— WHAT THIS TASK INVOLVES —
Exact copy, no pictures: return all the data below as written.
┌─ DATA SHOWN
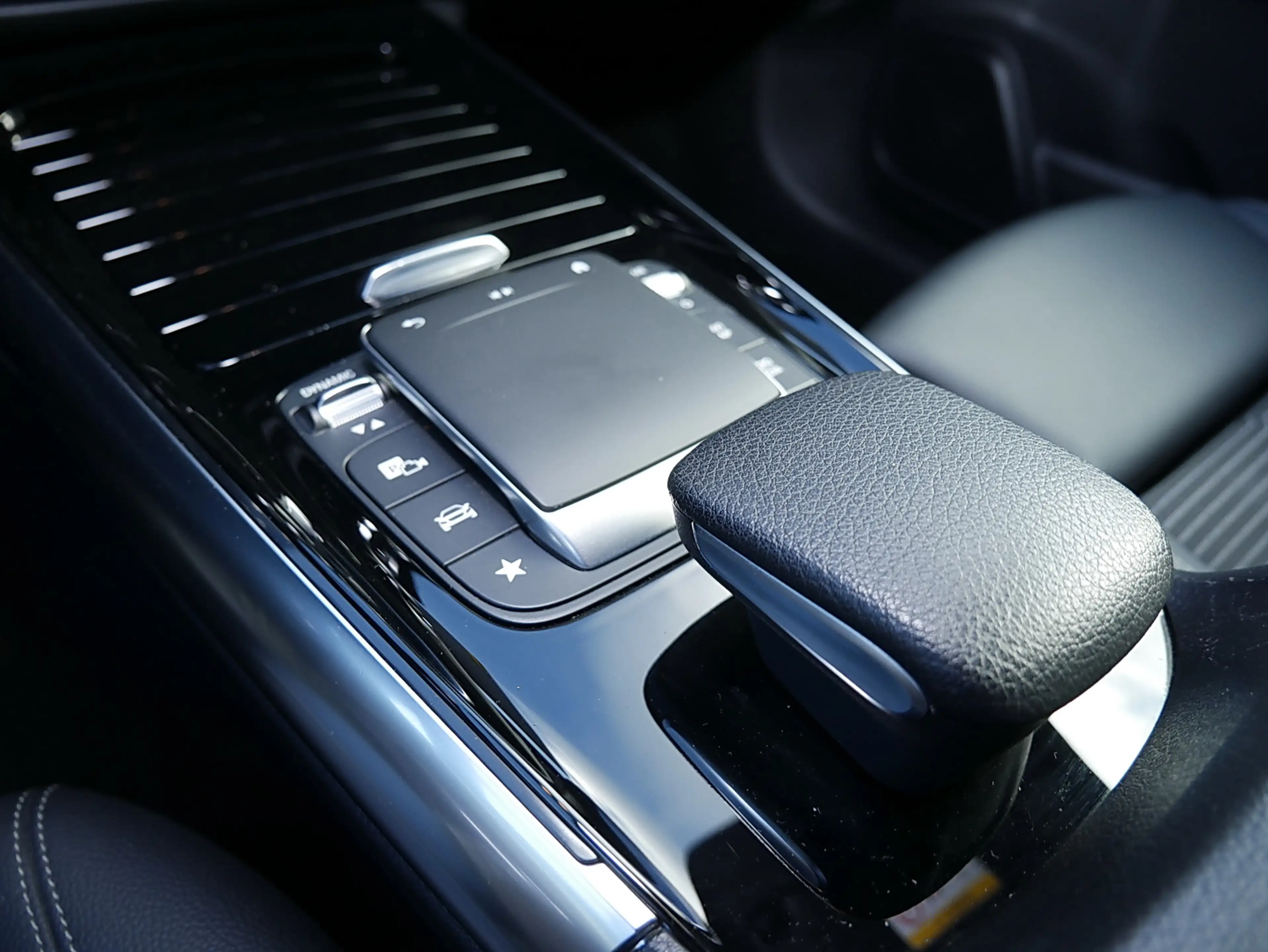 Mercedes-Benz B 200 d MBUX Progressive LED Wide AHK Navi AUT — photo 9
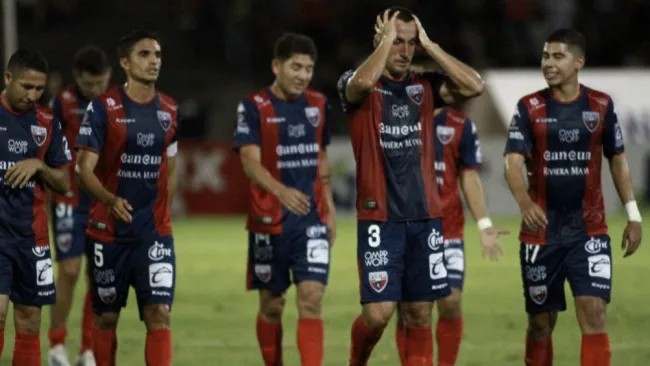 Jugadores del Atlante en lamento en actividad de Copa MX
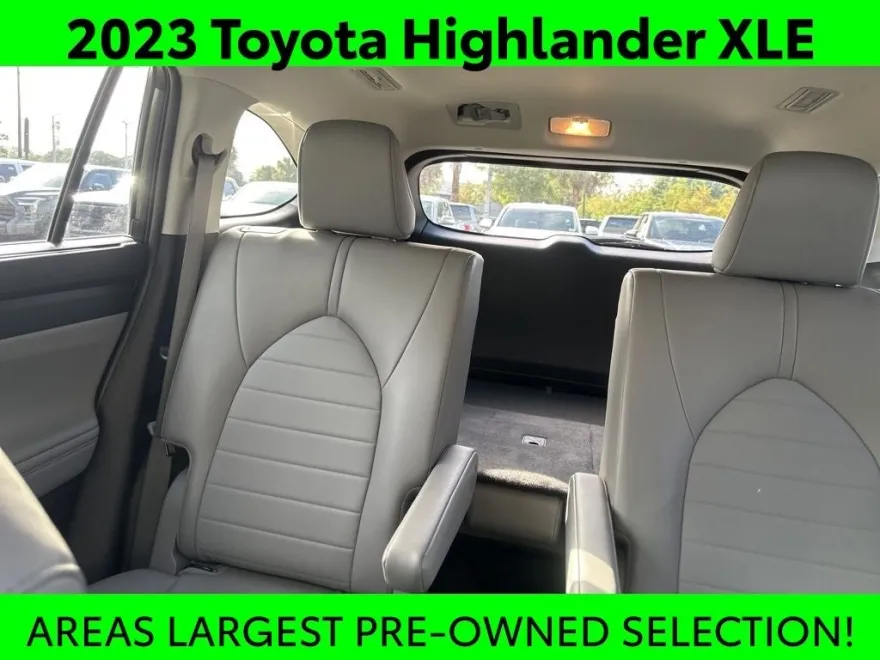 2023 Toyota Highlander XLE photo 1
└─
— EXERCISE ANSWER —
 Mercedes-Benz B 200 d MBUX Progressive LED Wide AHK Navi AUT — photo 9
 Jugadores del Atlante en lamento en actividad de Copa MX
 2023 Toyota Highlander XLE photo 1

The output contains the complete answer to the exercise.